##### Dataset excerpt #####
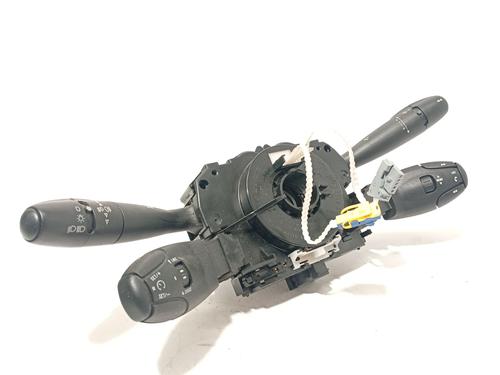 Ratstangsstang Ratstangsstang CITROËN C-ELYSEE (DD_) 1.6 BlueHDi 100 (99 hp) 34010256 34010256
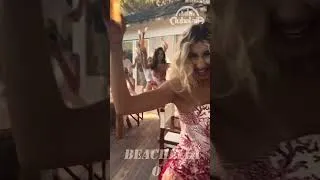 Thumbnail: DUBEL - AIR MUSIC _ LIVE @ CASA DEL MAR _ LAGUNA BEACH   CALIFORNIA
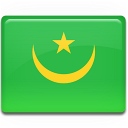 Mauritania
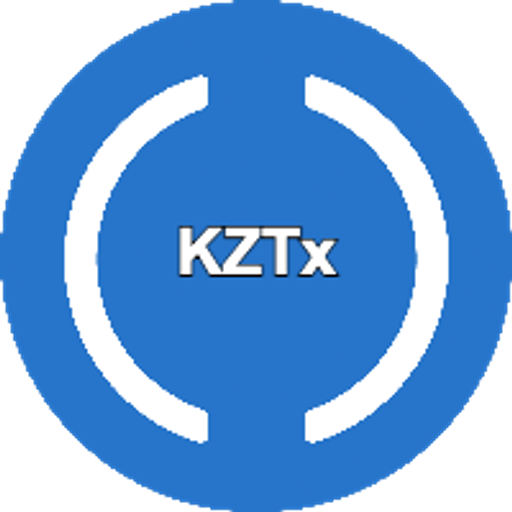 KZTx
#####
[Assignment]
Would you reproduce the listing above exactly, without any of its images?

[Answer to this problem]
 Ratstangsstang Ratstangsstang CITROËN C-ELYSEE (DD_) 1.6 BlueHDi 100 (99 hp) 34010256 34010256
 Thumbnail: DUBEL - AIR MUSIC _ LIVE @ CASA DEL MAR _ LAGUNA BEACH   CALIFORNIA
 Mauritania
 KZTx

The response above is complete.